## [EXERCISE REQUIREMENTS]
Among the entries that follow, some lines contain the word "Villa". Show all of them.

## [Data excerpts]

--- START ---

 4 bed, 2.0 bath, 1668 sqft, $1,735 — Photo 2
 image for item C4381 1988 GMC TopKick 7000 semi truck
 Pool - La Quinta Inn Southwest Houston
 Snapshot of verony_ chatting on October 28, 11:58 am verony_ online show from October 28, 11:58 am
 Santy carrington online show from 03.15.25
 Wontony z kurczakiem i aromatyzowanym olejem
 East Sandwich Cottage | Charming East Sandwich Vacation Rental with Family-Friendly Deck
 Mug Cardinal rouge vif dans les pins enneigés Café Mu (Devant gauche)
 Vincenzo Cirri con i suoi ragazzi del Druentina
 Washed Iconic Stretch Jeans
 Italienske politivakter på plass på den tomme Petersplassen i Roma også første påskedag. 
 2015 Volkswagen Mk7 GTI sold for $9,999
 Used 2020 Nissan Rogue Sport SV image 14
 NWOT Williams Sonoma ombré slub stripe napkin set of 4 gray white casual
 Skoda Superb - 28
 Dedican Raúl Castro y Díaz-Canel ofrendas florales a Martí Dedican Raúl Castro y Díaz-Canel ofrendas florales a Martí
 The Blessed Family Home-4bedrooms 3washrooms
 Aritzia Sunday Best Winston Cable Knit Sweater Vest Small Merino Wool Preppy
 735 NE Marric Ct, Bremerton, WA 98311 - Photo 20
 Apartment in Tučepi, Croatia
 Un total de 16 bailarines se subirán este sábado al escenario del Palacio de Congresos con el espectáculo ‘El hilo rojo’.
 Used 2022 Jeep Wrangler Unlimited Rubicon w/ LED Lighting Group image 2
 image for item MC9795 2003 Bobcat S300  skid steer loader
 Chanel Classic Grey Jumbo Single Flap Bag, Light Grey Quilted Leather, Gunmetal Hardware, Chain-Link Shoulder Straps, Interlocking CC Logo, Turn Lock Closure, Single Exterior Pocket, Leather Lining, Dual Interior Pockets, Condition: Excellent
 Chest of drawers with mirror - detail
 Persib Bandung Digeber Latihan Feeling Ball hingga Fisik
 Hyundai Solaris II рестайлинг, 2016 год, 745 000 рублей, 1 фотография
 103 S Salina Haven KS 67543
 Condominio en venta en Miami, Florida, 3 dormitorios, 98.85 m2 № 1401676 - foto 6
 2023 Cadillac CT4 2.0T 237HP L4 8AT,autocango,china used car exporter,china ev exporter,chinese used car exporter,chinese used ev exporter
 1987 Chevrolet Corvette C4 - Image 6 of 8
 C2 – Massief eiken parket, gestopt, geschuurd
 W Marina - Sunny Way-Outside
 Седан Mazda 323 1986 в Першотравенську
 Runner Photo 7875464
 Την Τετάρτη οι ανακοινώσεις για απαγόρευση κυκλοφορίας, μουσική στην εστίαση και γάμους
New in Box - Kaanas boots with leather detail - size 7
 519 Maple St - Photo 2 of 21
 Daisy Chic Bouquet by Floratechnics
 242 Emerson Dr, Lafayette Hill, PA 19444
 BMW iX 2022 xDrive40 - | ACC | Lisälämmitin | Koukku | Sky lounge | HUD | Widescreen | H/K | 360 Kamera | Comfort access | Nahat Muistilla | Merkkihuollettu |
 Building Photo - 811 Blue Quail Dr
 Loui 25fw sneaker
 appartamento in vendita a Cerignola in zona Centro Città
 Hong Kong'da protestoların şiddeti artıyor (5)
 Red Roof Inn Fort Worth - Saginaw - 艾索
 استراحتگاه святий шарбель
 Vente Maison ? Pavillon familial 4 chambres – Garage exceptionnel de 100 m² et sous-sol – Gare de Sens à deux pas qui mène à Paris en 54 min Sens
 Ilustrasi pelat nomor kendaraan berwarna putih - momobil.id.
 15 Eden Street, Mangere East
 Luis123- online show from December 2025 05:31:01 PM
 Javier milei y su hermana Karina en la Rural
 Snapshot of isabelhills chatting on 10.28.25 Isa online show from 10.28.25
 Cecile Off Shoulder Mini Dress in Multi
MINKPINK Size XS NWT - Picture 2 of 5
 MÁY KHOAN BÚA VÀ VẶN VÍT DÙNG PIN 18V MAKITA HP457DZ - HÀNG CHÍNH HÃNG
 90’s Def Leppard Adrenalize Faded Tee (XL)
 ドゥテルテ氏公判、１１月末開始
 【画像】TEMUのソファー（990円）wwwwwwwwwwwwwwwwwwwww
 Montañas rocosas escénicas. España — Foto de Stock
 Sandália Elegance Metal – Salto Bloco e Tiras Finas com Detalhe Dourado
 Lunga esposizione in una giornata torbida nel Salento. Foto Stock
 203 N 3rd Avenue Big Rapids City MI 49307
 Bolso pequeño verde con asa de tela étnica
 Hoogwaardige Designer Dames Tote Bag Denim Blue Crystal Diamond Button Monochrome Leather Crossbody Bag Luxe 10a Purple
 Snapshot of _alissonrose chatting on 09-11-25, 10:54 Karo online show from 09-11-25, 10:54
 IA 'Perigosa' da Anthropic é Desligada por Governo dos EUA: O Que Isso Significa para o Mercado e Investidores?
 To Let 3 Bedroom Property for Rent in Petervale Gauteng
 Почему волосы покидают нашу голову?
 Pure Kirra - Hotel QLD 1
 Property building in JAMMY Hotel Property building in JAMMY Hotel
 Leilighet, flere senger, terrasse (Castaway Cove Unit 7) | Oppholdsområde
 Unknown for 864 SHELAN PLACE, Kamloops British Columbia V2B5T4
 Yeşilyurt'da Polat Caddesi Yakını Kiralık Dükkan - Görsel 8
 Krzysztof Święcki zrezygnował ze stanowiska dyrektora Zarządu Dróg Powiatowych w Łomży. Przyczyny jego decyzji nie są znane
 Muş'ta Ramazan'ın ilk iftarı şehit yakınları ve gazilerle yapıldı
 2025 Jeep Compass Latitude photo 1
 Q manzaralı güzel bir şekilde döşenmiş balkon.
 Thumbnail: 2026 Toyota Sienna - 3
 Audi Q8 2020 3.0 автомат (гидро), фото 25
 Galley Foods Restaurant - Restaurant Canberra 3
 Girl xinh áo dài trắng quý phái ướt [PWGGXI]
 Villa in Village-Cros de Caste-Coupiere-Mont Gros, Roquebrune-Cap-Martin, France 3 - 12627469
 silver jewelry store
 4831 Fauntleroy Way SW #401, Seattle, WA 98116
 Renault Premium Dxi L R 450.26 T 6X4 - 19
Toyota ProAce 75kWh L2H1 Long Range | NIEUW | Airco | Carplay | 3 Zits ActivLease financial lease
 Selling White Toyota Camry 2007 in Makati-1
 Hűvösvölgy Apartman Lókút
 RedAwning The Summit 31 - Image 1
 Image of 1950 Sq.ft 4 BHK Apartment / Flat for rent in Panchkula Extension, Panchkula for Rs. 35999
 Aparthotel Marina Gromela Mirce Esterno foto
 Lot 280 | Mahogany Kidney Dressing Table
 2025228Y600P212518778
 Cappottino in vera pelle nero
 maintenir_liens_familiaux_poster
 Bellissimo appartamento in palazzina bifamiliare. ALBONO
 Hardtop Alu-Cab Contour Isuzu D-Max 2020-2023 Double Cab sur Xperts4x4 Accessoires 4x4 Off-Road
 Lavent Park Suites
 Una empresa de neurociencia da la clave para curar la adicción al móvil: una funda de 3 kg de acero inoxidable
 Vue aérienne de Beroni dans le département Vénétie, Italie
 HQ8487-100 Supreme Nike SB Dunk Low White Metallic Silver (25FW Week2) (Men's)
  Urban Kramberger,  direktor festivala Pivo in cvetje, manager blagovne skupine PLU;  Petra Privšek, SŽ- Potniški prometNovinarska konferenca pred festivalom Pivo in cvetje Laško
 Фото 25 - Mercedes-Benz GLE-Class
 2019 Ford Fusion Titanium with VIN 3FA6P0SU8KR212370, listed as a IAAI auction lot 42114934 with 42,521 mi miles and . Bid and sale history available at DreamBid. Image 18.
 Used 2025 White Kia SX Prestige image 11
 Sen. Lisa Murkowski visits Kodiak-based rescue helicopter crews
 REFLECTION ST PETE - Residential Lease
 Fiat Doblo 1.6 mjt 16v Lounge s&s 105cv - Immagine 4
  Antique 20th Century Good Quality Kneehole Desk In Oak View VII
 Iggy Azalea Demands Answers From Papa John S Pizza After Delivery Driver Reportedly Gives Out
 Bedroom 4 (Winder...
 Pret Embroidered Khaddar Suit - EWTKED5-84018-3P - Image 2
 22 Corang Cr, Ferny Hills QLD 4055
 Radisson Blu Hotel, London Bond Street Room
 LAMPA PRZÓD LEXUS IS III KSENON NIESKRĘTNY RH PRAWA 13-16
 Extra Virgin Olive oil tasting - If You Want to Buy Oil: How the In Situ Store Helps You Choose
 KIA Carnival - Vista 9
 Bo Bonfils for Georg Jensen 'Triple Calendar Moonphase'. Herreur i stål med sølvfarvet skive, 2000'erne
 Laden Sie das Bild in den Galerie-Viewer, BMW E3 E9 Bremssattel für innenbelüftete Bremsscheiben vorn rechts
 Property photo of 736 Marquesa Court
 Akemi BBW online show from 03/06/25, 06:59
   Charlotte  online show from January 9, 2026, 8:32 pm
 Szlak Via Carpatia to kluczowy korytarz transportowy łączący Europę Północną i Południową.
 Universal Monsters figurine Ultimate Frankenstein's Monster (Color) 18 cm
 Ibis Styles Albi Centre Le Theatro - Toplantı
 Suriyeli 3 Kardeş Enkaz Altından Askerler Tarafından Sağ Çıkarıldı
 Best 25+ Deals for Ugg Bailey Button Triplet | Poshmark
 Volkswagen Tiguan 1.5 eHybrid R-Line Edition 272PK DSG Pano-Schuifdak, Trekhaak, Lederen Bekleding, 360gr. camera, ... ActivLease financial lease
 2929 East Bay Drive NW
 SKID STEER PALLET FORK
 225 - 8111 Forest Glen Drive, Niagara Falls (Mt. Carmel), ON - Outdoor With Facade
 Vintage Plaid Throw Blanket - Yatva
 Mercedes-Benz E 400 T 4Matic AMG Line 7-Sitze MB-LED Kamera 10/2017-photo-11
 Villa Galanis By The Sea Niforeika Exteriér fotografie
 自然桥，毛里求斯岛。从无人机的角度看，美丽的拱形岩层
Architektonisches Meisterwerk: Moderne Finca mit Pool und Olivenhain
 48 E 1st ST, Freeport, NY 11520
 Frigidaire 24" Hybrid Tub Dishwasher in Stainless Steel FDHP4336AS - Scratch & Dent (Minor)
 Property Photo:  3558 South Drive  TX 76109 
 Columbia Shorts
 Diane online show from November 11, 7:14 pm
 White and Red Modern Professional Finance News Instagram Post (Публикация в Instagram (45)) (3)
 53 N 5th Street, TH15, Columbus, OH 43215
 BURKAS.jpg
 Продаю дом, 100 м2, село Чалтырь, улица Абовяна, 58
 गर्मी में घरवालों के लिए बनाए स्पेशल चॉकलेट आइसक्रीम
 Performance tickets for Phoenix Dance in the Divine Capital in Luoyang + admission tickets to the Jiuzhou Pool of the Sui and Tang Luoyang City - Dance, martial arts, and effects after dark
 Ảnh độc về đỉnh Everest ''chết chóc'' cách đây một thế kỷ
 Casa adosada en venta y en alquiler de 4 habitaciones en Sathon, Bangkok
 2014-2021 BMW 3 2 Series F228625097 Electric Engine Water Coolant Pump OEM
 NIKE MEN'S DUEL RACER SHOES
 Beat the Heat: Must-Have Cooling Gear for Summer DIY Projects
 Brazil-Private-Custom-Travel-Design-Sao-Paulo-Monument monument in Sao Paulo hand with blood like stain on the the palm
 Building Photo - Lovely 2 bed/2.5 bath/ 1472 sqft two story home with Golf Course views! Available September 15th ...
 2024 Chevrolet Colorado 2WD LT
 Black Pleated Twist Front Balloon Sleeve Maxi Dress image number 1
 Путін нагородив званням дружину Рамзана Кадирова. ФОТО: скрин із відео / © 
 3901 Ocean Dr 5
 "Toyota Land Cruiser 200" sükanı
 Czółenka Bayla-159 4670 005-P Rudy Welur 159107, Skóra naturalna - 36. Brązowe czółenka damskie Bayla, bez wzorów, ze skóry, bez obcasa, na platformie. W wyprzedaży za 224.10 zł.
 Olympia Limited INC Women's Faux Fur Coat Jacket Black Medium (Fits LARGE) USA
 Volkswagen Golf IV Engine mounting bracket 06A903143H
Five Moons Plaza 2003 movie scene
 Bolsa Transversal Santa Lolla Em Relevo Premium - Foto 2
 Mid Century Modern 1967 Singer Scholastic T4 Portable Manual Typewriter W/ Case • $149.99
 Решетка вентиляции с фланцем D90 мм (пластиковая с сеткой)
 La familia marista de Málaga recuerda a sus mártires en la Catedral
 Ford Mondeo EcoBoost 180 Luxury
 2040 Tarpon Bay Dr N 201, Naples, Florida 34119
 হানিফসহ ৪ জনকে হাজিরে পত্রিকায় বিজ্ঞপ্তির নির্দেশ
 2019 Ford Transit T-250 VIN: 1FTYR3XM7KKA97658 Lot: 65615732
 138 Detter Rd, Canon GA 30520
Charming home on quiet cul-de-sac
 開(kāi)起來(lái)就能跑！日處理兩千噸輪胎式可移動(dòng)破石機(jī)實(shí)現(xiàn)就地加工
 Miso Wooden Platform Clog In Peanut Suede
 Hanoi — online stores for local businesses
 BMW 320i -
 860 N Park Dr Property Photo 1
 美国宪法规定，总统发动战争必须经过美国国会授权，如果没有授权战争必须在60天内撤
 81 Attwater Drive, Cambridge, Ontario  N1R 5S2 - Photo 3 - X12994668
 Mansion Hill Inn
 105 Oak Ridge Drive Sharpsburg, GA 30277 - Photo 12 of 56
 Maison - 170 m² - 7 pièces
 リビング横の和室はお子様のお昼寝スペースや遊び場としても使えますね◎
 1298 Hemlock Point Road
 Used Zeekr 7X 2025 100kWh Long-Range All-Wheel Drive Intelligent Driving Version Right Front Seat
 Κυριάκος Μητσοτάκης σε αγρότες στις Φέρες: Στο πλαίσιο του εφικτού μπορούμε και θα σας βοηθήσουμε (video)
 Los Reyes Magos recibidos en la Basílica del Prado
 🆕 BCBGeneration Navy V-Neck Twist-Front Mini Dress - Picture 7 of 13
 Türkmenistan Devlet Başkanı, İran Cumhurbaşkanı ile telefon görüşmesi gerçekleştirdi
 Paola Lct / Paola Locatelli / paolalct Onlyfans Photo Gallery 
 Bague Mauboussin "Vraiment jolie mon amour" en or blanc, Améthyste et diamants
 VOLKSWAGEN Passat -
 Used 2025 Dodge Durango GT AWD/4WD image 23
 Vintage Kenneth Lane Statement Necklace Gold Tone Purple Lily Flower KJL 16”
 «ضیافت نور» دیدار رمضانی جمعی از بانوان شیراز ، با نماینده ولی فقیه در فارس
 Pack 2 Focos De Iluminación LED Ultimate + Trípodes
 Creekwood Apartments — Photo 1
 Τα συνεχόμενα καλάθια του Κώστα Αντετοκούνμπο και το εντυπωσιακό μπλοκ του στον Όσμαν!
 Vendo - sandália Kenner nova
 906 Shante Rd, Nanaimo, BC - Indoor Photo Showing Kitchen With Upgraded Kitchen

--- END ---

## [SOLUTION FOR THIS EXERCISE]
 Villa in Village-Cros de Caste-Coupiere-Mont Gros, Roquebrune-Cap-Martin, France 3 - 12627469
 Villa Galanis By The Sea Niforeika Exteriér fotografie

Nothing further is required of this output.